En matière d’accès des entreprises européennes aux marchés publics, la Commission européenne cherche à bénéficier d’une plus grande réciprocité de la part des Etats-Unis. Est-ce sans conséquence pour les collectivités territoriales, ici, en Europe ?
Alors que les marchés publics européens sont largement ouverts aux entreprises non européennes, c’est loin d’être le cas chez nos partenaires commerciaux. De l’autre côté de l’Atlantique, leurs entreprises bénéficient encore de plusieurs mécanismes protecteurs. La question se révèle donc fondamentale. Il s’agit, pour l’Europe, d’obtenir une réelle réciprocité dans l’accès aux marchés publics américains, à l’échelon fédéral, fédéré et local.
En parallèle, Cecilia Malmström doit assurer le maintien des dispositions contenus dans les directives européennes en matière de marchés publics et de concessions adoptés en 2014 : clauses sociales, environnementales, exclusion des coopérations entre entités publiques, etc.
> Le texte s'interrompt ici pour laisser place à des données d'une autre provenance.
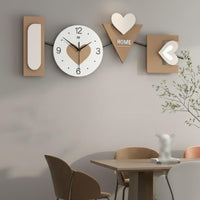 Modern Clock Cream Design Aesthetic Modern Wall Clock Non-Ticking for Homeowners, Couples, Living Room, Entryway
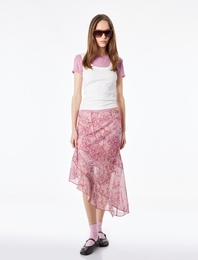 Asimetrik Tül Detaylı Slim Fit Midi Etek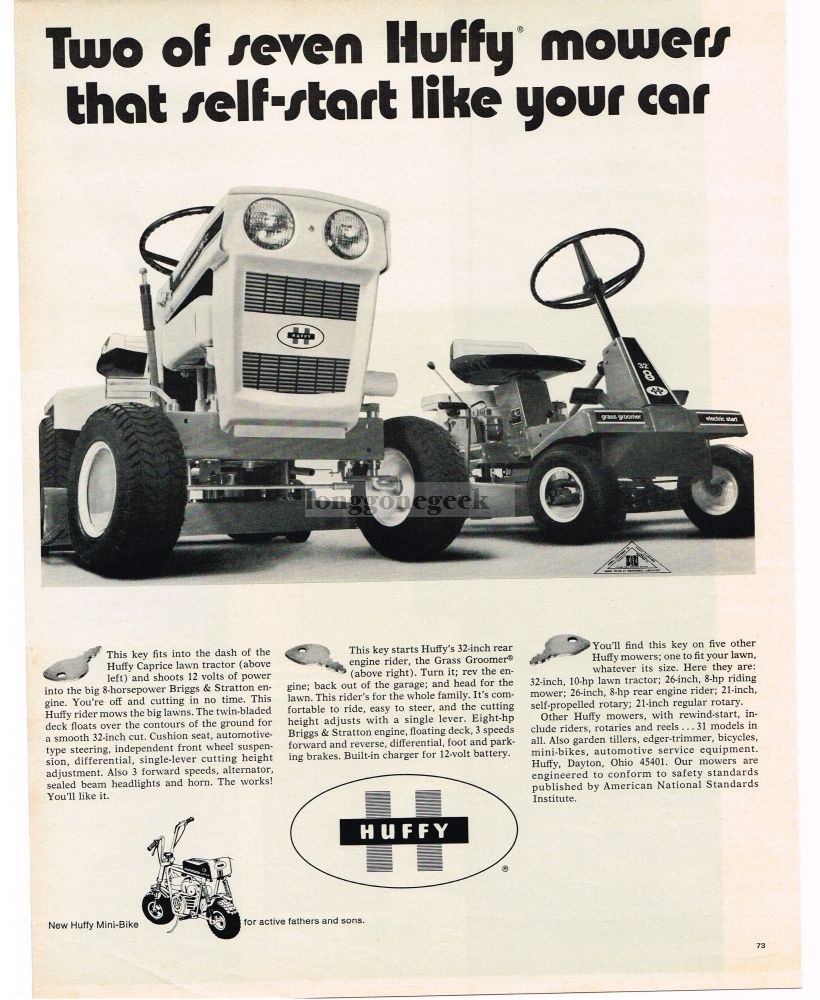 1971 HUFFY CAPRICE Lawn Garden Tractor & Grass Groomer Vintage Print Ad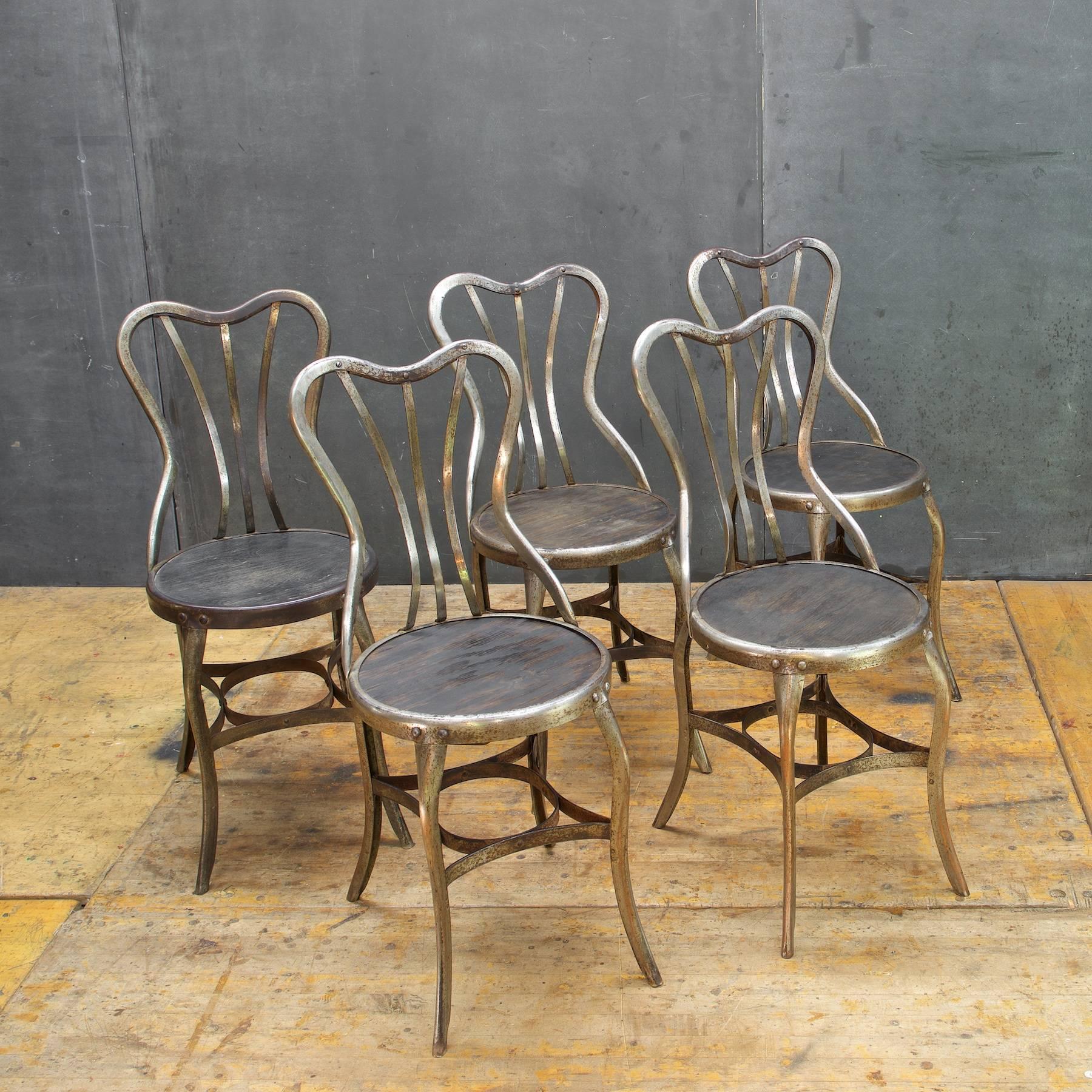 vintage metal bistro chairs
Dans le cas contraire, si la commissaire européenne n’obtenait pas gain de cause auprès des Etats-Unis, nous devrions pouvoir, à notre tour, restreindre l’accès des entreprises extra-communautaires à nos propres procédures de marchés publics, qu’il s’agisse d’un équivalent au Small Business Act ou au Buy American Act.
A l’heure où les discussions semblent s’accélérer, quelles sont les lignes rouges que vous fixeriez aujourd’hui aux négociateurs ?
Les objectifs et les différents enjeux autour de la réciprocité de l’accès aux marchés publics, du périmètre des services publics réellement concernés, ainsi que les autres points évoqués dans notre position, restent aujourd’hui encore pleinement d’actualité. Ces points de vigilance sont, par ailleurs, largement partagés par le Parlement européen, le Comité des Régions, le Sénat français par deux fois, le Conseil économique, social et environnemental, etc.
Nous souhaitons également que cette nouvelle génération de traités commerciaux soit qualifiés d’accords mixtes. Par conséquent, ils devraient impérativement faire l’objet d’un débat et, le cas échéant, être adoptés par les Parlement européen et nationaux. Les autorités françaises sont sur cette position, comme je crois d’autres Etats. C’est un enjeu démocratique important.